More finds at Goose Lake
On May 26, 1996, Negaunee archaeologist Jim Paquette uncovered this protohistoric period treasure while conducting a subsurface scan with a metal detector near the location of an early mapped location of an overland “Indian trail from the Chocolate River to the Esconaby River.”
That initial discovery led to a multi-year professional archaeological excavation project at the site where the buried remains of a dwelling structure and a nearby out-door cooking and hide processing area were then found and carefully excavated. Today, it is widely known throughout the entire Great Lakes region as the Goose Lake Outlet #3 site (20MQ140), or simply as GLO#3.
This past summer in 2022, archaeologists finally completed their investigations at the site itself. Small scale excavations had also occurred there in 1999, 2000, 2012, 2013 and 2021. The excavations were carried out through the joint cooperation of the Marquette Regional History Center, Northern Michigan University, and the Cleveland-Cliffs Iron Company (the property owner). Numerous noted archaeologists and other professional researchers from throughout the region participated in the project.
However, the brunt of the onsite excavation grunt work in the bug and poison ivy infested site area was carried out by local volunteers, most of whom were Paquette’s family members, young and some not so young.
The most recent excavations in 2021 and 2023 at GLO#3 completed the mapping of the occupation area, plus they added to the site’s inventory of cultural materials that have been recovered. That includes several triangular stone arrowheads, plus other stone tools and numerous tool resharpening flakes.
Among the other European derived trade/gift items were 55 glass trade beads, a pair of iron scissors, an iron eyed needle, the tip of an iron butchering knife, three fragments of cut brass and copper kettles, and an incredible yet dainty circular black glass hoop, perhaps part of an earring.
The most recent excavations in 2020/2021 also added to the GLO#3 winter hunting camp “bone count,” as an additional 1,550 plus fragments of moose and other animal bones, were found amidst several cooking hearth features. In total, over 10,000 pieces of broken and/or cooked/burnt moose, beaver, otter, and porcupine bones/teeth were recovered at the site.
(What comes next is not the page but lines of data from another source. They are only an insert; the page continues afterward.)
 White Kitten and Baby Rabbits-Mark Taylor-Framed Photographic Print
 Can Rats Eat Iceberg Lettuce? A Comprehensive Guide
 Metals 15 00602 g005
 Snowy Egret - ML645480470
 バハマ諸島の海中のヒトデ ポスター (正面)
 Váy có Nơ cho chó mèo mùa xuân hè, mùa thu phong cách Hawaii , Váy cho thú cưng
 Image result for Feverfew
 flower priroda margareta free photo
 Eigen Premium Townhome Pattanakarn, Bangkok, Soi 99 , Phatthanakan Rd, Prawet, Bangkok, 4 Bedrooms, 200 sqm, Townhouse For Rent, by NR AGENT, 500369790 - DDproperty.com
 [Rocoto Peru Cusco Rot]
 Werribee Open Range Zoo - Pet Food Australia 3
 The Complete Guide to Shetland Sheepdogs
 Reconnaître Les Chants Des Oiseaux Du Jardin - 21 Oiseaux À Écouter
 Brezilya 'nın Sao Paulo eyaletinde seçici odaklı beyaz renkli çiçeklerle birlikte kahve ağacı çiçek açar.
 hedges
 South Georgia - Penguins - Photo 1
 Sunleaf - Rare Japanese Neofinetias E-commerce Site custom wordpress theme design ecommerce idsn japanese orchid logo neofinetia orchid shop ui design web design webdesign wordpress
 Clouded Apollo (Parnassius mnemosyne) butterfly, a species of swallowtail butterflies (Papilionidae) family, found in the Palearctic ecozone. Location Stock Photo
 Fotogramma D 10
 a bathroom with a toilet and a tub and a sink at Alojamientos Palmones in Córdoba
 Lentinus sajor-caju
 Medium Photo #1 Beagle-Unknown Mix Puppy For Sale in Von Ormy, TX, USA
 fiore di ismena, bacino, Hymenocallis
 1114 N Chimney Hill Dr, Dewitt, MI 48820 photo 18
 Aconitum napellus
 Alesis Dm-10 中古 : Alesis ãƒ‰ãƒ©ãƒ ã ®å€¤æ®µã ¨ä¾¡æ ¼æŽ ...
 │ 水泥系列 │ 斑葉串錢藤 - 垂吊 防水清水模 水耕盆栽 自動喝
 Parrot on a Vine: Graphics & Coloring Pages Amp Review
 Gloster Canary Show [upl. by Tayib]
The assessment of what was recovered at the site continues, but enough is now known to conclude WHEN the site was being occupied, and by WHOM. And THAT is why this Marquette County archaeological site has been noted as being one of the “most important” cultural sites in the state of Michigan, and beyond.
The GLO#3 site has been determined to probably be a circa 1630’s Anishinaabe family’s inland winter hunting/camp site. This dating of the site’s occupation was determined primarily through the detailed study of the 55 multi-colored glass trade beads that were evenly spread out and recovered within the excavated occupation areas.
These incredibly tiny glass relics can be dated to specific time periods during the early French explorations and fur trading exploits in the NE wilderness areas of North America. The “newest” of the GLO#3 trade beads are dated back to the 1625/30-1650 period, but most of the beads date back earlier to the 1600 to 1625/30 time period. At least one of beads is a pre-1600 type.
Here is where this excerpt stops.